# [TASK REQUIREMENTS]
Whenever a line in the data below includes the string "with", copy it out.

# [INFORMATION SUPPLIED]
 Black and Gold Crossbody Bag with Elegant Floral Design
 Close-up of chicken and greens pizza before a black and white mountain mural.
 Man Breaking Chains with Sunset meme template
--
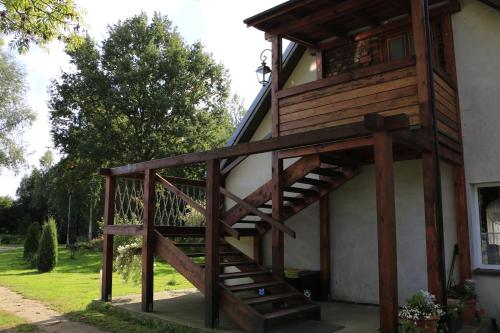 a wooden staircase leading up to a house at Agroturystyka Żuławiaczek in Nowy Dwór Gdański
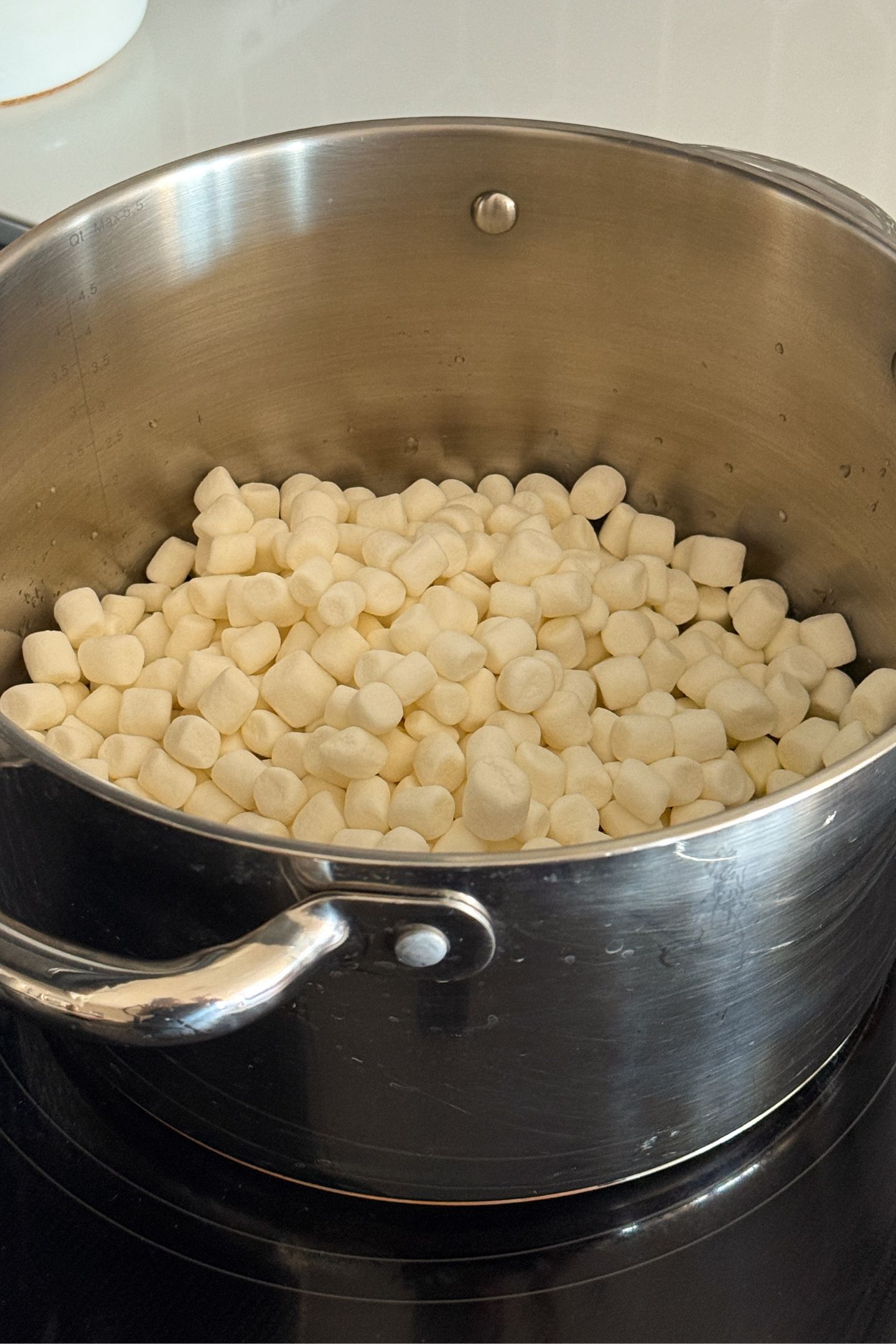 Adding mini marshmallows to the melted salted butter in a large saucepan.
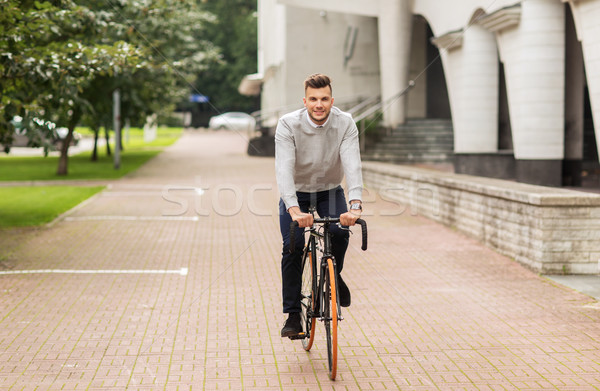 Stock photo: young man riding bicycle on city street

# [REPLY TO THE TASK]
 Black and Gold Crossbody Bag with Elegant Floral Design
 Man Breaking Chains with Sunset meme template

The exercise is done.